For millions of people, the so-called “sharing economy” is making it easier and more affordable to get around, to vacation, to get household work done. The size and scale of Uber, Airbnb and several other firms now rival, or even surpass, those of some of the world’s largest businesses in transportation, hospitality and other sectors. According to Pew Research Center, sharing economy global revenues could grow from roughly US$15 billion today to around US$335 billion by 2025
However, many experts grapple with the imprecision of the term 'sharing economy'. In his last book, “The End of Employment and the Rise of Crowd-Based Capitalism”, Arun Sundararajan explains the transition to what he describes as “crowd-based capitalism” - a new way of organizing economic activity that may supplant the traditional corporate-centered model. “What is new, is that you are not helping a friend for free; you are providing these services to a stranger for money. The good news", says Prof Sundararajan, "is that the biggest beneficiaries may in fact be the poor".
According a new report from BSR, a nonprofit that promotes social responsibility in business, the sharing economy can have positive impacts on people and communities who have often been excluded from or are unable to meet their needs through more traditional models. “This is because ownership is a more significant barrier to consumption for people who have less wealth or income”, the report says. Some models are even said to disproportionately benefit lower-income groups, who often spend higher proportions of income on housing, food, and health care.
There is also evidence of specific excluded groups benefiting from the sharing economy over traditional models. Some disabled customers have found that Uber and Lyft make it easier to get around cities. For blind customers, hailing a ride is much easier than before, and because all payments are handled via an app, these customers do not have to worry that a driver might overcharge them.

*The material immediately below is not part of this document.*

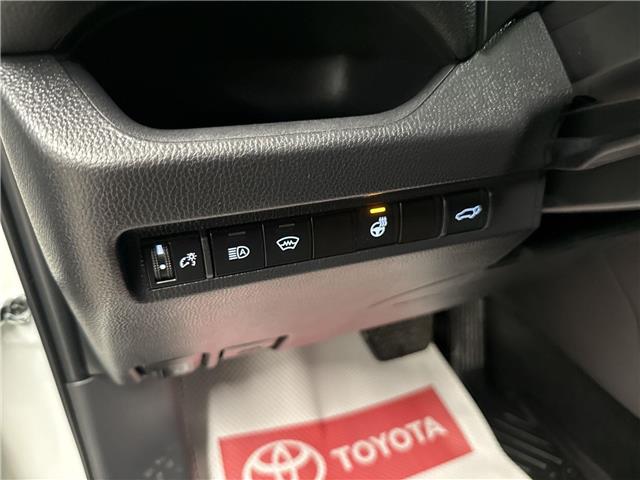 2025 Toyota RAV4 XLE (Stk: 11105427A) in Markham - Image 28 of 28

However, many other people are not able to take full advantage of the potential benefits and face a new set of risks in the sharing economy. Women and minorities appear more likely to experience violence and discrimination on platforms like Uber and Airbnb. In late May, a 25-year-old black man sued Airbnb for racial discrimination. As part of new efforts to remove what it terms "unconscious bias" from the site, Airbnb has hired its first-ever head of diversity. Indeed, does the sharing economy undermine the workers' rights? There are also concerns about some of the legal gray areas that could make companies exempt from tax payments that support public infrastructure and institutions.
However, understanding the size and impact of the sharing economy is, and will continue to be, a complex task. In any case BSR seems quite optimistic that these technology-driven firms can really contribute to create a more inclusive society, if they are interested in doing this.
The report makes some recommendations about how to expand access to goods and services for low-income and underserved communities. Then sharing companies need to diversify their workforce. They can also hire more providers in areas where low income users live. Or, they can make new partnership with traditional businesses, policymakers, and civil society organizations.
“For example, Amsterdam is looking at ways to connect sharing platforms to its city pass, a resource for low-income and elderly groups”, BSR says. Airbnb’s works with nonprofits to support people who need temporary housing, like medical patients traveling for treatment, or low-income students visiting colleges. Uber has partnered with Communication Service for the Deaf (CSD), the nonprofit organization focused on improving quality of life for people who are deaf, deaf-blind, or hard-of-hearing.